Development of Mobile PCR Tests

FAST-MoPPs Project: Virtual Design Optimization of System and Cartridge Components for Ultra-Fast and Sensitive PCR On-Site Detection.

Laboratory-based PCR tests are the most reliable method for detecting pandemic virus infections such as Covid-19. However, these test systems cannot be used close to people and their use is therefore time-consuming. They must be developed individually for the virus in question, making them costly to use.

 

Virtual Development of an Optimal Test Design

In the FAST-MoPPs project, we are working with the Fraunhofer Institute for Microengineering and Microsystems IMM to develop the best possible design for a mobile PCR test. The design process includes the selection of suitable materials and the determination of appropriate geometry and process parameters. The design should enable cost-effective production of the test, allow mass deployment at the point of care, and ensure meaningful test results. This means that the tests do not have to be taken to a central laboratory, but are used and evaluated in the hospital directly on the ward, in the practice or pharmacy.
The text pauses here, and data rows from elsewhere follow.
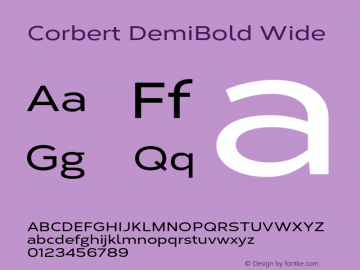 Corbert DemiBold Wide Version 002.001 March 2020图片样张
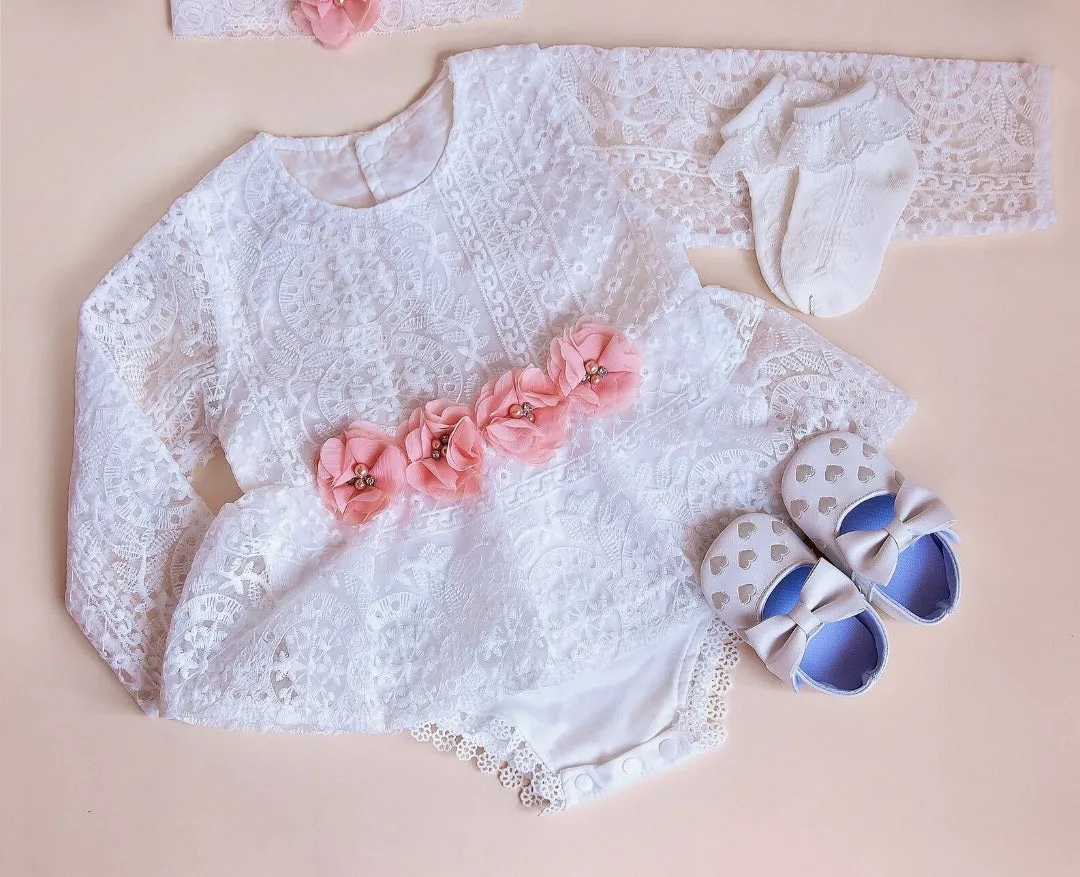 Lace Long Sleeve Romper with Floral Waistline and Headband #1001145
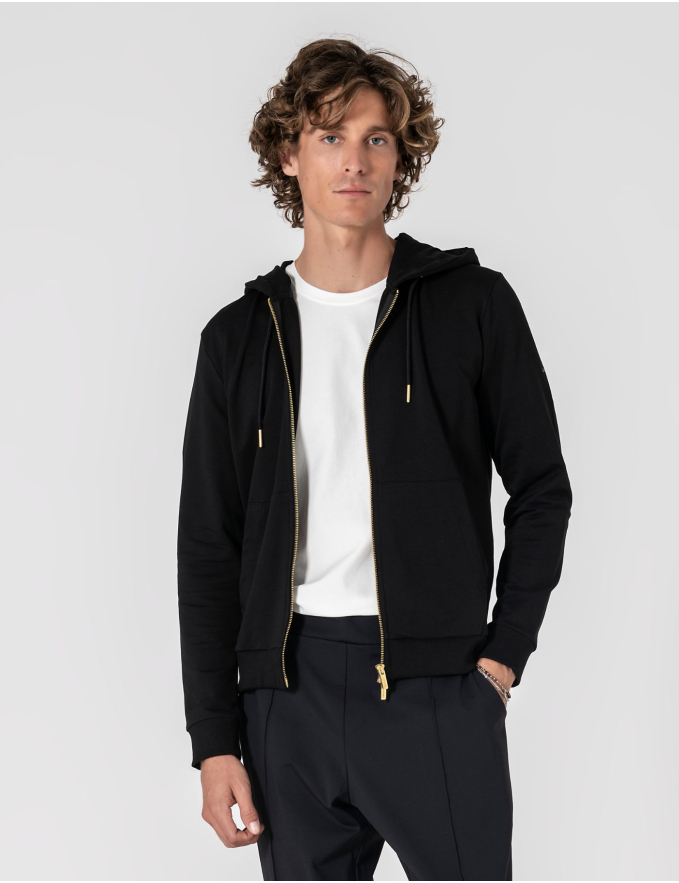 CASACO DE FELPA COM CAPUZ DUPLO CURSOR PRETO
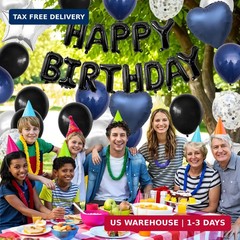 Navy Blue and Black Birthday Decorations for Men,Blue Black White Balloons Happy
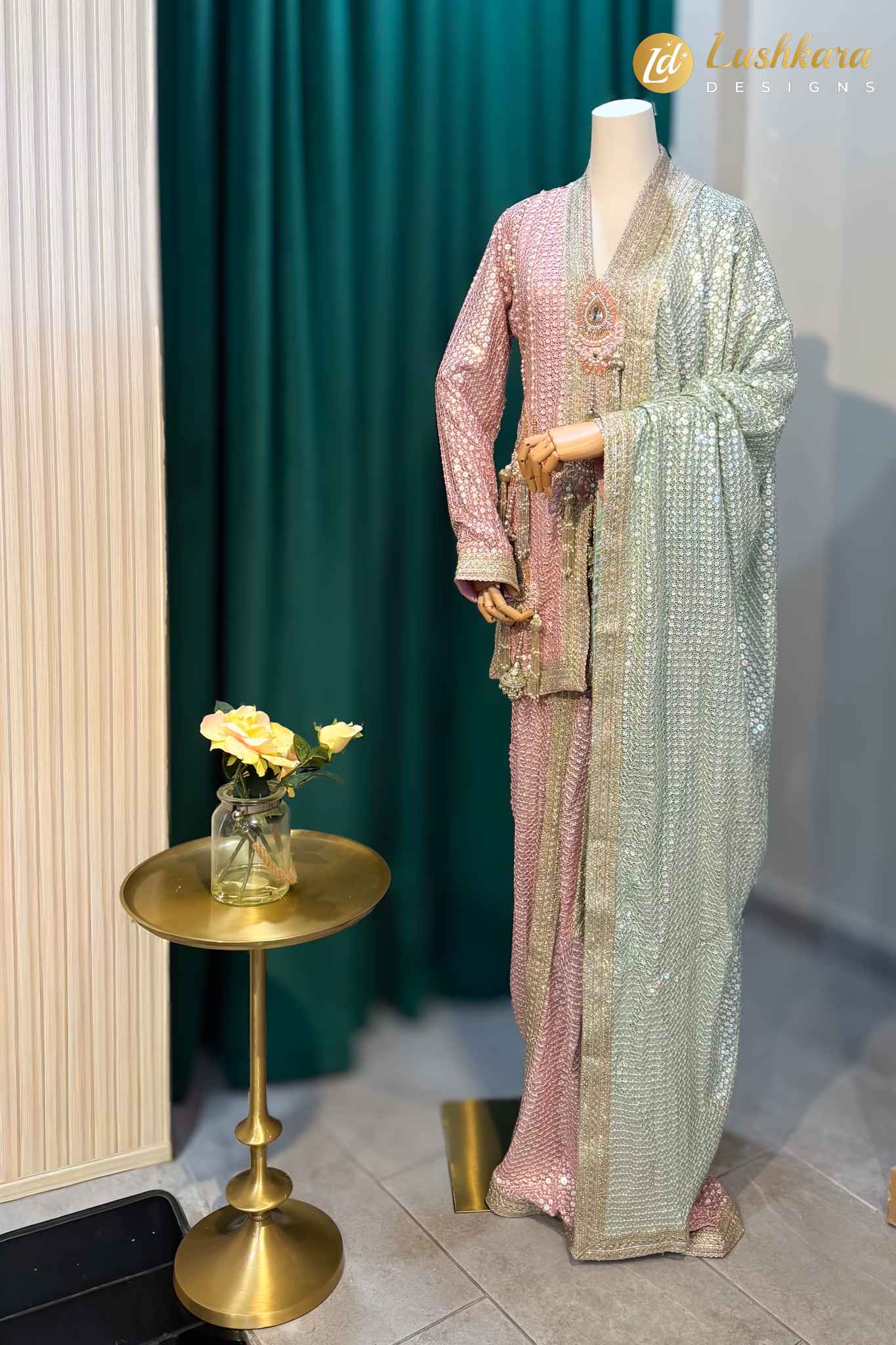 Lushkara Blush Pink Sequin Dhoti Set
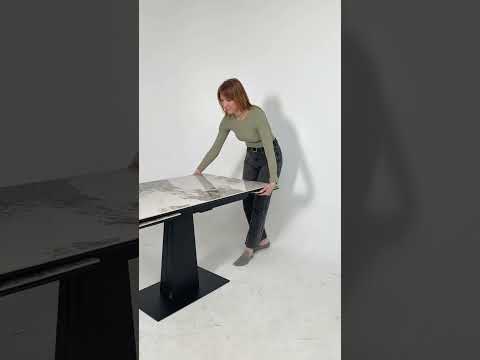 Миниатюра изображения товара Обеденный стол LEPREMO AV 2119 МДФ+керамика раздвижной 1200-1800x800 (белый глянцевый Pandora/черный)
Mathematical Simulation and Systematic Parameter Variation

The design process is based on a virtual simulation of the underlying physical and biochemical processes. The testing process starts with the preparation of the sample to be tested in reverse transcription to obtain viral DNA. For this preparation, we develop mathematical process models based on the central mixing and reaction processes. In the subsequent amplification (multiplication of DNA segments), this DNA is analyzed in several cycles. 

Concept of the Project FAST-MoPPs
© freepik / Fraunhofer ITWM
Concept of the Project FAST-MoPPs

At the end, there is a test result in the form of a sample staining. For this step, we primarily simulate the transport and heating of the sample in the test device virtually. The processes depend centrally on the material selection for the test device and its geometric design, as well as the design of the test procedure. Optimal values for the underlying design parameters are determined by means of targeted variation.
 

Project Partner

Fraunhofer Institute for Microengineering and Microsystems IMM
 

Project Funding

The project, which started on 1.7.2022, is funded by the EFRE-REACT program Rhineland-Palatinate. With the REACT-EU program, the European Union has set up a recovery assistance program to mitigate the economic and social consequences of the Covid19 pandemic in Europe. REACT-EU stands for Recovery Assistance for Cohesion and the Territories of Europe.